/---
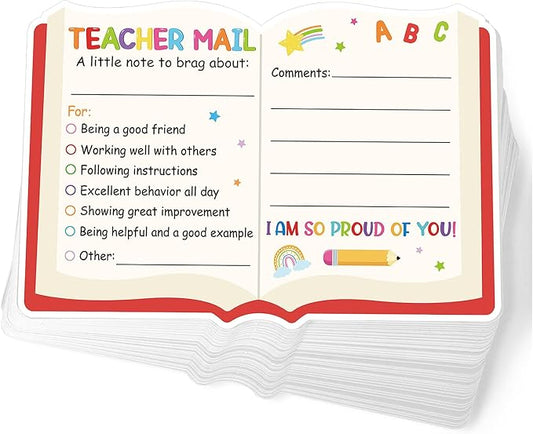 50Pcs Teacher Mail Notes to Parents, Happy Mail from Teacher, Brag Cards for Students Behavior Classroom Must Haves to Send Home for Preschool Kindergarten Elementary School Supplies (Book)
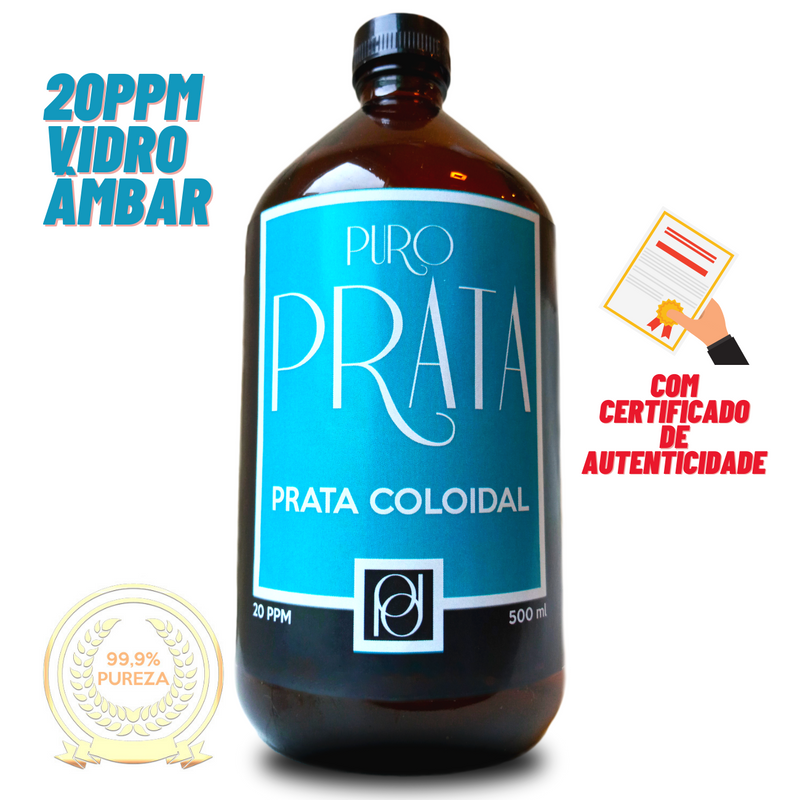 Prata Coloidal Puro Prata 20Ppm 500Ml Água De Prata Com Certificado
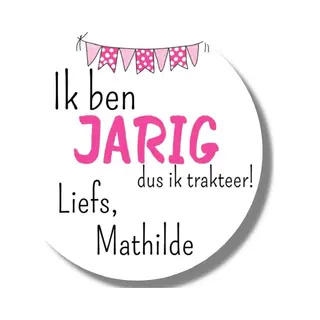 20 X Gepersonaliseerde Traktatie Stickers - Etiketten Verjaardag - Roze Naamstickers - Kindertraktatie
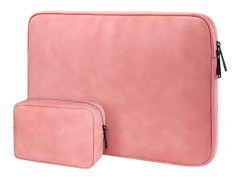 ND12 Lambskin Laptop Lightweight Waterproof Sleeve Bag, Size: 14.1-15.4 inches(Pink with Bag)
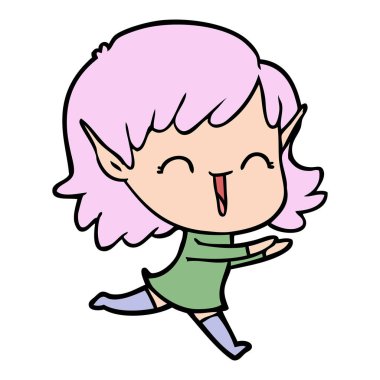 vektör çizim karikatür elf kızı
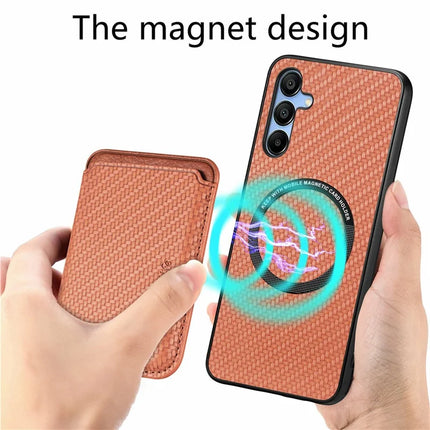 For Samsung Galaxy A16 4G / 5G Case Carbon Fiber Leather Back Cover with Detachable Card Bag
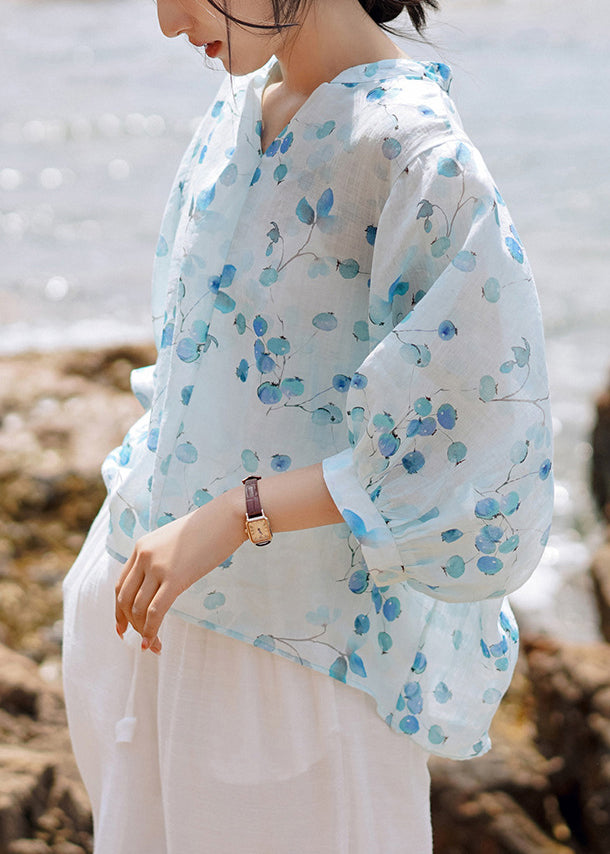 Bohemian Blue V Neck Print Linen Shirt Tops Lantern Sleeve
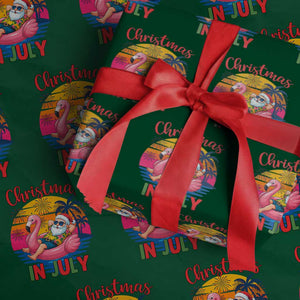 Funny Hawaiian Christmas Wrapping Paper Roll Santa Beach Tropical Xmas TS14 Green Print Your Wear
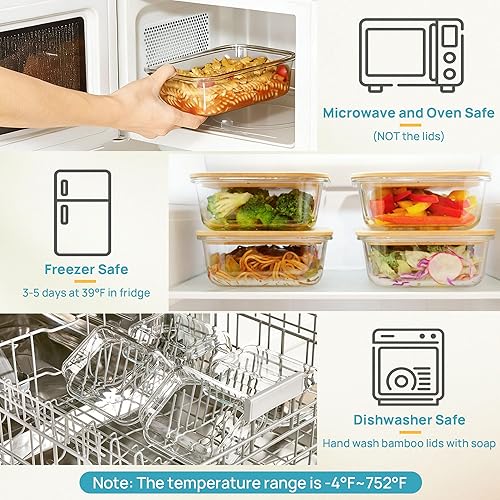 Miniatura 7 de Vtopmart Paquete de 5 recipientes de vidrio de 35 onzas con tapas de bambú, recipientes de almacenamiento de alimentos para preparación de comidas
\---
Looking above, find the stretch of lines that opens with the one holding "20 X Gepersonaliseerde" and closes with the one holding "vektör çizim karikatür elf kızı". Copy it exactly, pictures excluded.

Solved exercise:
 20 X Gepersonaliseerde Traktatie Stickers - Etiketten Verjaardag - Roze Naamstickers - Kindertraktatie
 ND12 Lambskin Laptop Lightweight Waterproof Sleeve Bag, Size: 14.1-15.4 inches(Pink with Bag)
 vektör çizim karikatür elf kızı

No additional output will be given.